Subway Cave Lava Tube
The Subway Cave Lava Tube, located outside of Lassen National Park and only 25 minutes from Burney Falls is one of the most easily accessible lava caves in the world. It is also one of the coolest I have personally seen. The entire trail is only about 1/3 of a mile, so most anyone can do this.
While inside the cave you will stumble (literally!) across the self guided tour signage pointing out some of the coolest features of the cave. Even if you miss some of these, it is an amazing experience to be walking in a tube where lave once flowed.
Even though the trail itself is easy, it is pitch black inside and the ground is quite uneven. It is imperative to have a strong high powered flashlight to really get the most out of your experience. We did not heed those warnings and brought wimpy lights with us which meant we spent more of our time in the dark than seeing the cool formations!
Make sure to bring a light jacket as well since it’s cool year round. The cave is only open from October, so plan accordingly.
Lake Shasta Caverns National Natural Landmark
The Lake Shasta Caverns are a must visit when visiting Upstate California. Just getting to the caverns is an adventure as you must take a boat across the beautifully tinted lake before boarding a bus to take you to the caverns. While waiting to board your bus and/or boat, keep your eyes peeled as you just might see some local wildlife. We saw several hawks and even a bald eagle during our visit.
One you arrive to the caverns, you are taken on a guided tour through the cave system up and down over 600 stairs along the way, with some very steep stair climbs included. Overall, anyone of general fitness can do the tour, but smaller kids will need to be carried as strollers are not allowed.
Note: Backpacks are also not allowed at all, so you will need to carry a small purse with your water, snacks and camera. The temperatures remains a constant 58 degrees year round, however with the high level of humidity it actually feels 68-70 degrees. We did not require jackets, but bring a long sleeve just in case.
Lassen Volcanic National Park
A bit further afield from Redding, but still doable as a day trip is Lassen Volcanic National Park. This is one of California’s 9 National Parks in the state. Also one of the least visited, mainly due to the short season that it is open. The two visitor centers on either end of the park are accessible for much of the season, however, the main road running through the park opens at different times each year depending on the snow fall. In 2017 the road didn’t open fully until July.
Lassen National Park is an amazing place to visit as it is one of the only places in the world to showcase the 4 types of volcanos as well as many hydrothermal features such as steam vents, mud pots and more. For visitors with a short amount of time, you can hike around Manzanita Lake, drive through the park stopping at various self guided tour signage and pop into Sulfur Works to see a boiling mud pot in action. This is a must visit if you are in the vicinity!

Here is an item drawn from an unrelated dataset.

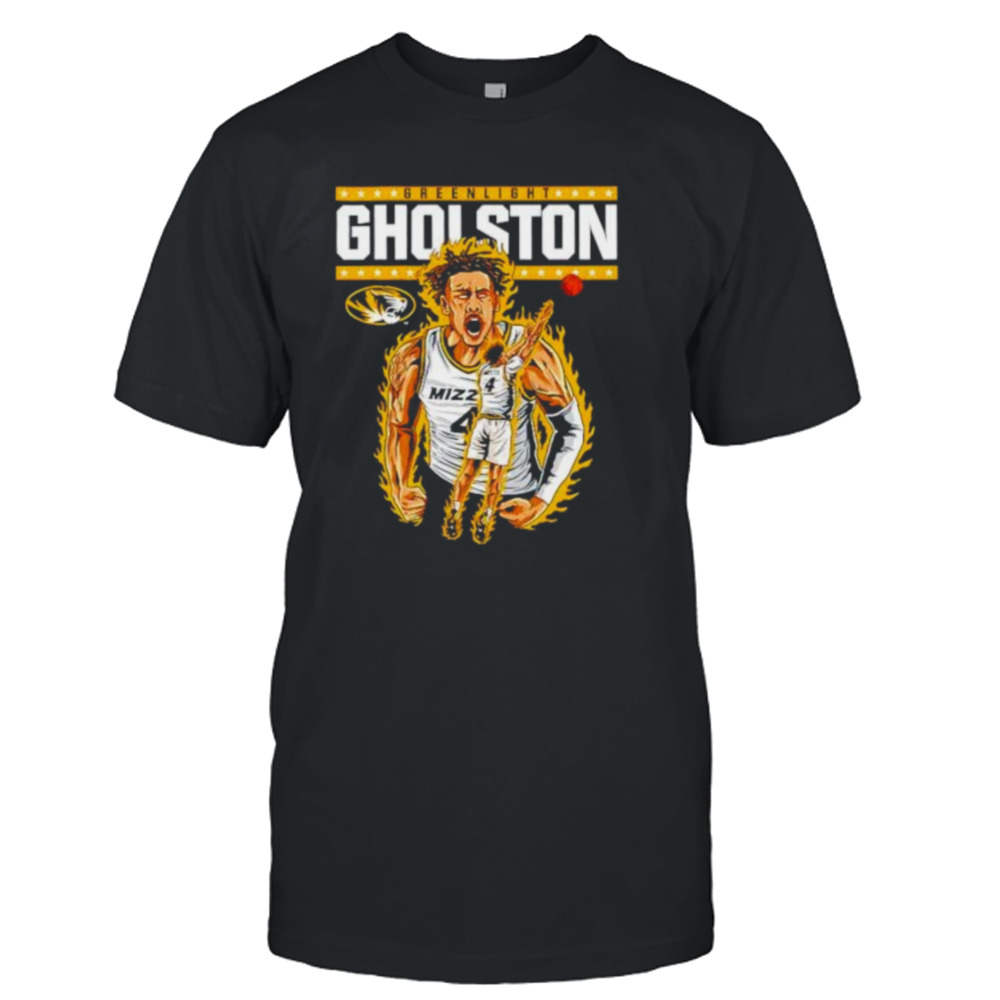 deandre Gholston greenlight Missouri Tigers shirt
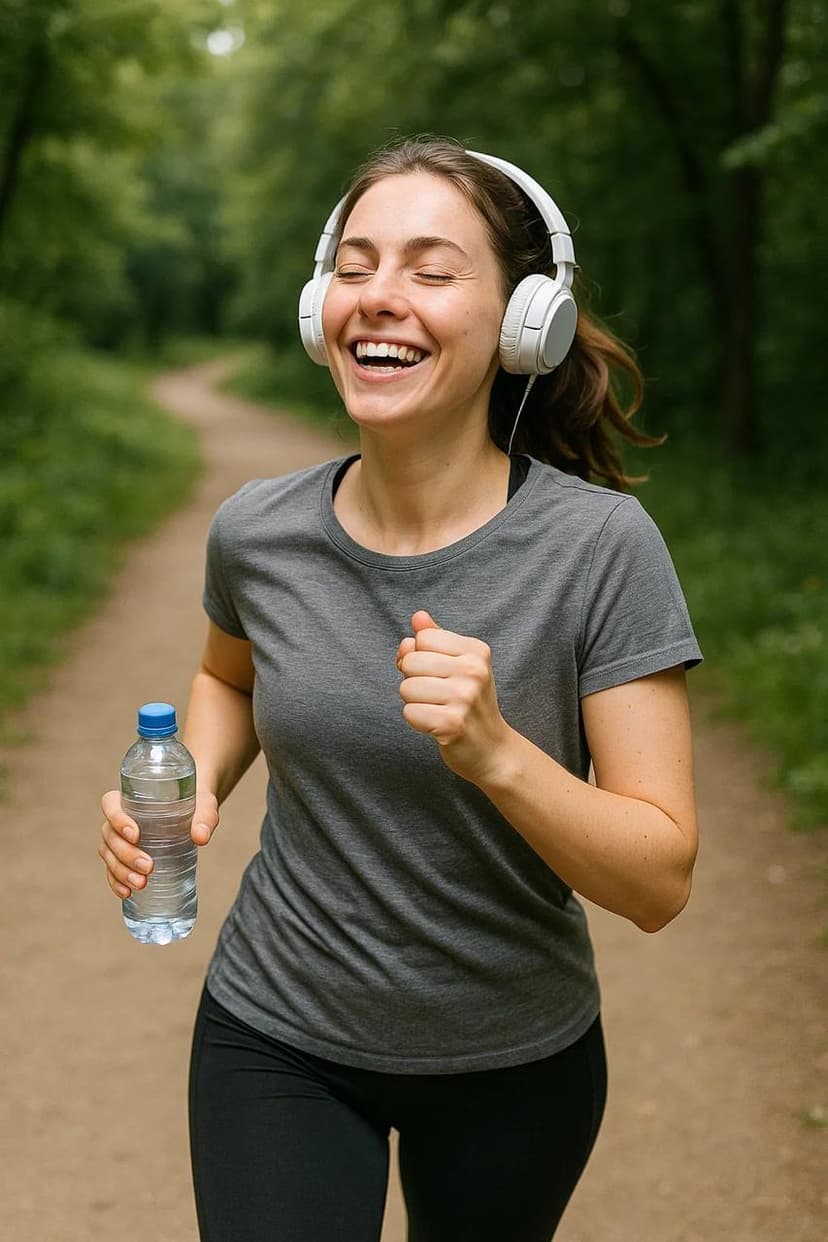 to deal with stress by exercising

Where to Stay in Redding & Upstate California
Upstate California has an abundance of places to stay, however most tend to be either camping sites out in nature or chain hotels in the town of Redding itself. During our visit we stayed at the TownePlace Suites in Redding which was perfect for our visit. We had a one bedroom suite that included a kitchen with a full size refrigerator, a work space for me and plenty of room for my little one to run around. In a town of mostly chain hotels, this Marriott owned hotel is a great choice.
If we had been able to book our visit earlier, I would have also checked out the Drakesbad Guest Ranch near Lassen as well as the cabins at Manzanita Lake. You can’t go wrong staying in Redding however as there are a lot of great local restaurants to eat at after your day of explorations in the region. Some of our favorites were: Corbett’s for a delicious diner breakfast, Cinder’s Wood Fire Pizza for unique flavored pizza and Mosaic for killer weekend brunch options.
Have you been to Upstate California? Do you have some favorite nature-scapes that we missed?